WHAT TO WORK ON: Transcribe exactly the lines below that begin at the line with "Google Pixel 6a" and stop after the line with "Takeuchi TB 295W Roto+Szczypce Szwecja - 7", leaving out every picture.

*** Opening of MATERIAL FOR THIS TASK ***

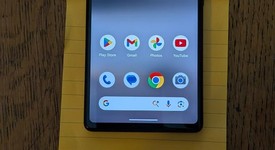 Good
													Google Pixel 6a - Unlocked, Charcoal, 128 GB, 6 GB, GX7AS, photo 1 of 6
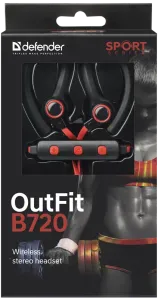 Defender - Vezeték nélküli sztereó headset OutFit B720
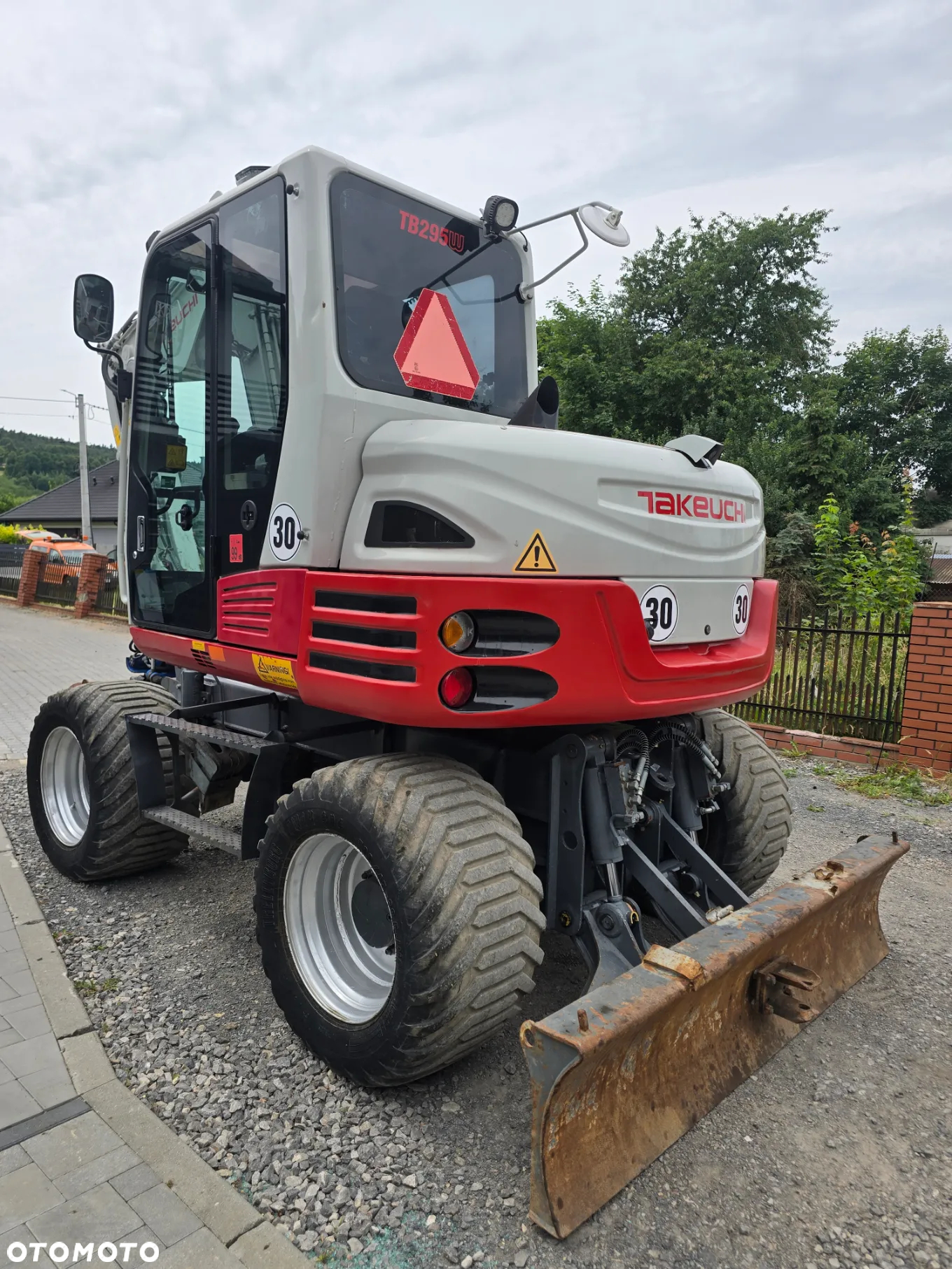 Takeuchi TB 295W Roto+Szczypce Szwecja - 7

*** Close of MATERIAL FOR THIS TASK ***
*** Opening of MATERIAL FOR THIS TASK ***

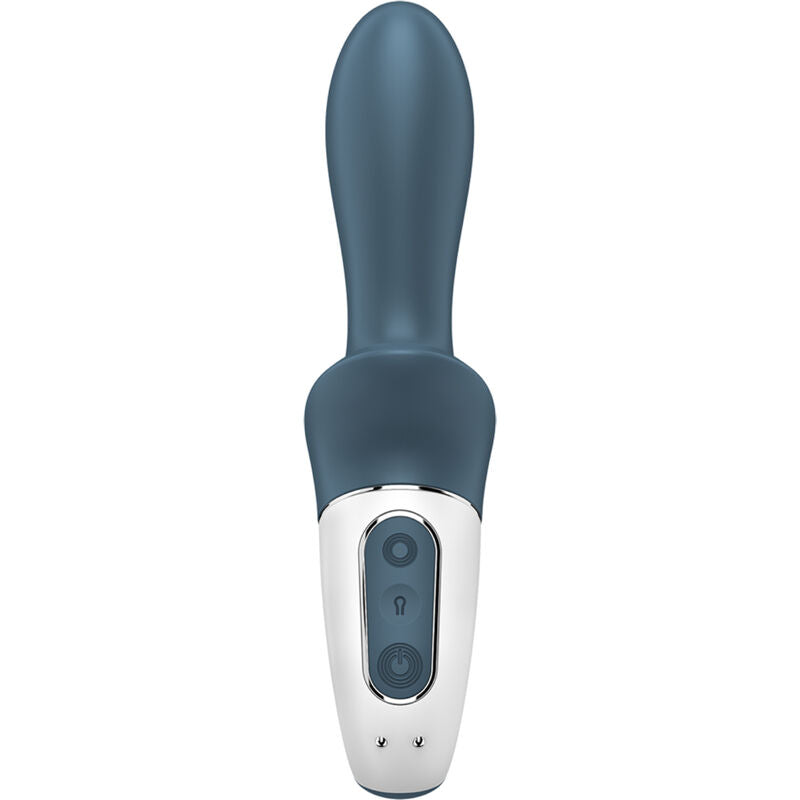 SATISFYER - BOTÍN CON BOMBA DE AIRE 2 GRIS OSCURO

*** Close of MATERIAL FOR THIS TASK ***

WRITTEN REPLY:
													Google Pixel 6a - Unlocked, Charcoal, 128 GB, 6 GB, GX7AS, photo 1 of 6
 Defender - Vezeték nélküli sztereó headset OutFit B720
 Takeuchi TB 295W Roto+Szczypce Szwecja - 7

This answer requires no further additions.